- Potamia Location in Cyprus
- Coordinates: 35°2′31″N 33°26′42″E﻿ / ﻿35.04194°N 33.44500°E
- Country: Cyprus
- District: Nicosia District

Population (2001)
- • Total: 415
- Time zone: UTC+2 (EET)
- • Summer (DST): UTC+3 (EEST)

= Potamia, Cyprus =

Potamia (Ποταμιά; Potamya, Bodamya and Dereliköy) is a village in the north-east of Cyprus in the district of Nicosia, close to the Green Line separating it from the area of the breakaway, unrecognised Northern Cyprus. Together with Pyla and Rizokarpaso, Potamia forms one of the few remaining ethnically mixed communities in Cyprus, made up of Greek and Turkish Cypriots.

==History==
Here lie the remains of the Royal Residence of King Peter II (1369-1382), destroyed by the Saracens in 1426. When the site was visited by Rupert Gunnis in 1936, only a portion of the walls, a large vaulted room with fragments of frescoes, remained.

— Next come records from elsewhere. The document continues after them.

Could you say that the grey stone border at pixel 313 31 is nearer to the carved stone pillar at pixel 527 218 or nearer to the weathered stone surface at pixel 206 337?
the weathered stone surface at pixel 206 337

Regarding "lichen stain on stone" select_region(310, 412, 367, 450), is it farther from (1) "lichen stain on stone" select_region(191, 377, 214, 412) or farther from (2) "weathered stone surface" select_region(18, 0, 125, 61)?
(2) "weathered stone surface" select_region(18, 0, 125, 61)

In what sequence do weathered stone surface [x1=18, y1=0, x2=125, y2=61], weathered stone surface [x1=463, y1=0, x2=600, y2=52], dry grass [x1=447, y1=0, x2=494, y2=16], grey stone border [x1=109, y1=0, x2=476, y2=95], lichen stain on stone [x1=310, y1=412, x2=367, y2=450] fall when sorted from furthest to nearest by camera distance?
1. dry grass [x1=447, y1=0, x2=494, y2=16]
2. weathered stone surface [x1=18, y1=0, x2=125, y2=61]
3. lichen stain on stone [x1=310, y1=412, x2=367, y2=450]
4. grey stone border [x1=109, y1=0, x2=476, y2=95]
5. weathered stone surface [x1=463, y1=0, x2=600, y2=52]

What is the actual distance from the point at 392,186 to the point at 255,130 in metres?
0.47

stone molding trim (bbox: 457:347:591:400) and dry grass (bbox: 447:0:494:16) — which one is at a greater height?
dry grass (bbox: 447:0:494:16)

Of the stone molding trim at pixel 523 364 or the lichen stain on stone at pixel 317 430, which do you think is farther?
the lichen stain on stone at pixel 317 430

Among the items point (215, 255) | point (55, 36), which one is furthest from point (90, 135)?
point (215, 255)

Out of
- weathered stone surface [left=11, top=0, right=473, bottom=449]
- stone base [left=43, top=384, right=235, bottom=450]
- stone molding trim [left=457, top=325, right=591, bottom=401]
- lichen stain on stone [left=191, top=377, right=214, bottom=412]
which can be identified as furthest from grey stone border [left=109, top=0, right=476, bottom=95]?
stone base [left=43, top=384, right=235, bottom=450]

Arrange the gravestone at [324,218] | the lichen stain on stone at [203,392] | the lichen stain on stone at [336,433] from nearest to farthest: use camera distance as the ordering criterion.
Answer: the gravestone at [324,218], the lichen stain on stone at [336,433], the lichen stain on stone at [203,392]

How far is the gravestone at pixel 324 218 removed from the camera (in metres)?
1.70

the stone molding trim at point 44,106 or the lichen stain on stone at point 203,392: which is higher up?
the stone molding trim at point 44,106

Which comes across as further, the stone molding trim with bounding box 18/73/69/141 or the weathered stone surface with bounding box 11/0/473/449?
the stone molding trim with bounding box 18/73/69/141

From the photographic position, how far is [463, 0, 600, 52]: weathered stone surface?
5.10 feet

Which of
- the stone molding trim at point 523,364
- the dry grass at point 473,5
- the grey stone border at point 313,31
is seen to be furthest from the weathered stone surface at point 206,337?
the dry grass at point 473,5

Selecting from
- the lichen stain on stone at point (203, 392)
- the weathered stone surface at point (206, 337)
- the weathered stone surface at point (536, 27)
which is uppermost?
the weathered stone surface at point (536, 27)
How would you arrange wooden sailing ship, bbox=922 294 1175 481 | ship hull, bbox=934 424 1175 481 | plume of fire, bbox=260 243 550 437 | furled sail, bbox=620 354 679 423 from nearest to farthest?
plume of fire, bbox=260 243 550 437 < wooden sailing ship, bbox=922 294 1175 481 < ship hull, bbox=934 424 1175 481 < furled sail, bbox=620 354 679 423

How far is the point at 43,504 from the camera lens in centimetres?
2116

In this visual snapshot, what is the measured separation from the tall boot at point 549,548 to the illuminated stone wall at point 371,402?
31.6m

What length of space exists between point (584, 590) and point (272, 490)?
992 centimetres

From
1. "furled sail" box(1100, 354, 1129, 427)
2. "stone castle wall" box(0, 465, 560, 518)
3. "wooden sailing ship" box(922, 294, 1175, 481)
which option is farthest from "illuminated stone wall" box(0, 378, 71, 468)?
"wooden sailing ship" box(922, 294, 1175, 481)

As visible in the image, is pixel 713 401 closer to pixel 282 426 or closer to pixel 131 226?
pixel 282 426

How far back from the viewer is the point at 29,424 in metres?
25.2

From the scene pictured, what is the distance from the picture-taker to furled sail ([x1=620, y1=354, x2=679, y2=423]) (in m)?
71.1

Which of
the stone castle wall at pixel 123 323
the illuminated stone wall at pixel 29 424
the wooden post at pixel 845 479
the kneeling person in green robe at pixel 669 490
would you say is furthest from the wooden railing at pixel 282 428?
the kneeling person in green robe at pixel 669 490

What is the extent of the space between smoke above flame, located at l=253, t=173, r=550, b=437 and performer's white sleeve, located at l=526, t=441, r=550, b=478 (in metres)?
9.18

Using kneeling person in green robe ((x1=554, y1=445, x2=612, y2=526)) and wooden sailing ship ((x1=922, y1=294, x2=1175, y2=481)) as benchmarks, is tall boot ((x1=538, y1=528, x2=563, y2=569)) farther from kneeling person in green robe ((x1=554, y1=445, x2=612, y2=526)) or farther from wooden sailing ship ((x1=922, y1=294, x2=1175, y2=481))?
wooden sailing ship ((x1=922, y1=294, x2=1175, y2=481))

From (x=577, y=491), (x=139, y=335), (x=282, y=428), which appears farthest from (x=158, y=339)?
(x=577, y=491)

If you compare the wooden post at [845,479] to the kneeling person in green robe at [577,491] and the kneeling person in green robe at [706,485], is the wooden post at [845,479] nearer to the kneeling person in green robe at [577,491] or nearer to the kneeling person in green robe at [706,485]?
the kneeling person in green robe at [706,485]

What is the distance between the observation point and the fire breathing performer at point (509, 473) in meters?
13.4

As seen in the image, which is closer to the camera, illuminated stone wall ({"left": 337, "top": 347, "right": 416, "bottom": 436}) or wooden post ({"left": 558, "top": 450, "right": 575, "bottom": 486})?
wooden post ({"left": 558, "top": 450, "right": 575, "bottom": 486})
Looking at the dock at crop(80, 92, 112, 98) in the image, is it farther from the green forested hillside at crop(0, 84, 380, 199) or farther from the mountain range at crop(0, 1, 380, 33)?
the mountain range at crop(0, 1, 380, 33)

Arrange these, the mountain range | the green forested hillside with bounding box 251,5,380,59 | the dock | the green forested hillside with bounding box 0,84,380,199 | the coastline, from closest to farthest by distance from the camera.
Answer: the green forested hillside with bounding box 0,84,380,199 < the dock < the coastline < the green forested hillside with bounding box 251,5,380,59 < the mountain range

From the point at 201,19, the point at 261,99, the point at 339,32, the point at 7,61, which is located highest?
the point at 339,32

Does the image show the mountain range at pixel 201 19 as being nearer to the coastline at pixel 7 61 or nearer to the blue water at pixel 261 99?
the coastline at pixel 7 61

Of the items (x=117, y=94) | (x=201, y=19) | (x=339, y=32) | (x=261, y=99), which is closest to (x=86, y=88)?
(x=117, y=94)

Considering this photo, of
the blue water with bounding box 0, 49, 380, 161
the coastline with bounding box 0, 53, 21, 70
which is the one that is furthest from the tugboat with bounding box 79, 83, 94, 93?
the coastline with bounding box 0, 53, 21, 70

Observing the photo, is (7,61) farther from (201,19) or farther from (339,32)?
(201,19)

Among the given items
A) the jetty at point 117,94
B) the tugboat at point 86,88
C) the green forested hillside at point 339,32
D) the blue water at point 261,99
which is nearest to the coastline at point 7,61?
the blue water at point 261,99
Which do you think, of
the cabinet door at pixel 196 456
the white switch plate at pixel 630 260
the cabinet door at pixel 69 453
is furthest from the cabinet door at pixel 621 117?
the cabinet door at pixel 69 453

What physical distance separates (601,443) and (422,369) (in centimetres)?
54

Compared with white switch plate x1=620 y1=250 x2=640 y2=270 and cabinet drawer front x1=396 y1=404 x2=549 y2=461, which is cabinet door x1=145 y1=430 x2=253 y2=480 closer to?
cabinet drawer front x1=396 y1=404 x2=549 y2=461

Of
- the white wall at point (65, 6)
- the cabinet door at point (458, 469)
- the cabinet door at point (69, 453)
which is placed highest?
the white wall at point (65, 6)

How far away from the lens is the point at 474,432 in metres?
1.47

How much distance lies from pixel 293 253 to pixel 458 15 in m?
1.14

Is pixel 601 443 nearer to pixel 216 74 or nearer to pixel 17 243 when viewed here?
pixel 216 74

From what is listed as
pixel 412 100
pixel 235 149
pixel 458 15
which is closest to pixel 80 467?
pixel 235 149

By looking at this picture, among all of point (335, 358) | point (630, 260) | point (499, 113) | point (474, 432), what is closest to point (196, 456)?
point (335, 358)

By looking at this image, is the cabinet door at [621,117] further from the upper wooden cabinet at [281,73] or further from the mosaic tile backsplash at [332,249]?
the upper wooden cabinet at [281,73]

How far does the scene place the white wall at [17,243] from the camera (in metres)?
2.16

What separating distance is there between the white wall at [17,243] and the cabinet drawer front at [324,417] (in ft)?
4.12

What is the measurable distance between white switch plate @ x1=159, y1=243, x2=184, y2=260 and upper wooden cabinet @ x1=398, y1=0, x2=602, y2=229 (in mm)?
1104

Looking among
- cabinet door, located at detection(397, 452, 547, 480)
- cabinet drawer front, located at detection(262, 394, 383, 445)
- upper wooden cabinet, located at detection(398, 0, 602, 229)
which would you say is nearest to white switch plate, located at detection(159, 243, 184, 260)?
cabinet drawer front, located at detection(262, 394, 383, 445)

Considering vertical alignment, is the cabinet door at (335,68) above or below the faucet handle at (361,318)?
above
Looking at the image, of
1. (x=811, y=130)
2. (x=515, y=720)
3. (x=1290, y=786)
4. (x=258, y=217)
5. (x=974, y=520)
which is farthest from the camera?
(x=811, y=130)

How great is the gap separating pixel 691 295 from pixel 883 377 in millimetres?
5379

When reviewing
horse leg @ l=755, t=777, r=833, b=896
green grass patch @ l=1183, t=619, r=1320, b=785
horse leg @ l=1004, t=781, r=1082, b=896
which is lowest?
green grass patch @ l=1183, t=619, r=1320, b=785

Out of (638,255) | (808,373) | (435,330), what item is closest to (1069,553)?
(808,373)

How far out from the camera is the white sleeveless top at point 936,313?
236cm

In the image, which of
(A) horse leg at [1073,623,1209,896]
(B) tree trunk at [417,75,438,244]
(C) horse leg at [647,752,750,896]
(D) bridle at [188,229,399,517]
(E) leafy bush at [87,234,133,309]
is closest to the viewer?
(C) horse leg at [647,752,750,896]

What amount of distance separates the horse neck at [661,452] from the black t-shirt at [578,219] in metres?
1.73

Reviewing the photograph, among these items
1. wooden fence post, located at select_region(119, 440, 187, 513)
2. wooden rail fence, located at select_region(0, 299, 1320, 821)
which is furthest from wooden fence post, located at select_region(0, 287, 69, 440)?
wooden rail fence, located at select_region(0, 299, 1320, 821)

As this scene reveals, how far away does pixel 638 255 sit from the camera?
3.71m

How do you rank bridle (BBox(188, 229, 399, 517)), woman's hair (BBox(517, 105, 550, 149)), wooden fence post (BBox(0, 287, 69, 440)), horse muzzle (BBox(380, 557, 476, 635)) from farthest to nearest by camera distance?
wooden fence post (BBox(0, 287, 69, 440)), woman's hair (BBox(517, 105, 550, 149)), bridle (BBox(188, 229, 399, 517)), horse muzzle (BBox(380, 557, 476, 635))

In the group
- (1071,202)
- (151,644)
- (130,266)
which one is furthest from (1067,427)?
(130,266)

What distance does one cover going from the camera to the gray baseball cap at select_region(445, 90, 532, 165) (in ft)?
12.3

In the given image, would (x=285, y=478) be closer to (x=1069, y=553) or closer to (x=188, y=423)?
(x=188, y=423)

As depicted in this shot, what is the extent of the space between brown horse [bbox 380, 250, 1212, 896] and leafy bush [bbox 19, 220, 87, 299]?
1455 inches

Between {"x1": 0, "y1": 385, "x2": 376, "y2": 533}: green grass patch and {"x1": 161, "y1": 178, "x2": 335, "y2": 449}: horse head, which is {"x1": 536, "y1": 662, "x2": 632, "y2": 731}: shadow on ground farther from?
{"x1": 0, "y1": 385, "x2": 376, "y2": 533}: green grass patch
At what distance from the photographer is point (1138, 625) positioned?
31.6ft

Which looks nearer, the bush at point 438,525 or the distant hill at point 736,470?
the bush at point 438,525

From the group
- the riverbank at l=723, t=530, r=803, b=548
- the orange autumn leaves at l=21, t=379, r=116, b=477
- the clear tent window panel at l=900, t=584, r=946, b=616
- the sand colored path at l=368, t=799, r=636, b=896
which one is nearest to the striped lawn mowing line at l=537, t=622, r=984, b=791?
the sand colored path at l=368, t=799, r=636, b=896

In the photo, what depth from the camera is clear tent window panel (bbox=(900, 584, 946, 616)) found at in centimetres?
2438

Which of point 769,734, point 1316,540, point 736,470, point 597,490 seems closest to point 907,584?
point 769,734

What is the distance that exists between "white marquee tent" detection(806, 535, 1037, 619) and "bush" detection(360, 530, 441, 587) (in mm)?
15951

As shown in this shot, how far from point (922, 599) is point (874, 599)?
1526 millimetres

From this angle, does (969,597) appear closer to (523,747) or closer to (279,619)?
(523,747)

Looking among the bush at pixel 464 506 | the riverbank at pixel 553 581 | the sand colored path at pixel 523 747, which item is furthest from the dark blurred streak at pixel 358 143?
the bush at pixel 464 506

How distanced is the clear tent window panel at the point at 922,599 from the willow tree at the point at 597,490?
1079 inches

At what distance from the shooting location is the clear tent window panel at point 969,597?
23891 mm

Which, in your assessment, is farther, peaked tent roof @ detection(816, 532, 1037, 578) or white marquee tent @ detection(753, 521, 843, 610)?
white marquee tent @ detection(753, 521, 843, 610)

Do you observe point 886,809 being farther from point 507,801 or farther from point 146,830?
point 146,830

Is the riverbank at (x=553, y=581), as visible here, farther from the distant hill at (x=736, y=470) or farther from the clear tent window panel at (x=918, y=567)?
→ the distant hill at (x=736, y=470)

Prior to the inter-communal conflict, Greek junta coup and the Turkish invasion of Cyprus of 1974 the village had a Turkish-Cypriot majority. However, most Turkish Cypriots have subsequently emigrated to Northern Cyprus, and now the village is mostly inhabited by the remaining Greek-Cypriots. Nonetheless, the village has a history of co-existence between the two communities, and Greek and Turkish Cypriots still live side by side. Recently there has been some lobbying to convince Turkish Cypriots to return, and some have done so.

==Culture==
There is widespread bilingualism and cooperation between the two communities, and the village has both a Greek and a Turkish-Cypriot mayor who work together.
In line with the bi-communal character of the village, it is the home of Radio Potamia, an FM radio station that broadcasts equally in Greek and Turkish. These broadcasts reach both northern and southern Cyprus, with the stated aim of promoting mutual understanding and respect between the communities.

==The former Royal Palace==
Potamia was a Royal residence of the Lusignan Dynasty and was inhabited by the Queen of Cyprus, Catherine Cornaro. The village which is in the near of the capital of Cyprus, Lefkosia is the place of a Palace of the Kings of Cyprus, which is still standing. In October 2011, the Cyprus Antiquities Department announced Caterina Cornaro's partially ruined summer palace in Potamia would be renovated in a one million euro restoration project, becoming a cultural centre. Today (2017) the palace still decays. Despoliations are known.

==Local Government Reform==

Following local government reform in 2024, Potamia was merged into the new municipality of South Nicosia-Idalion.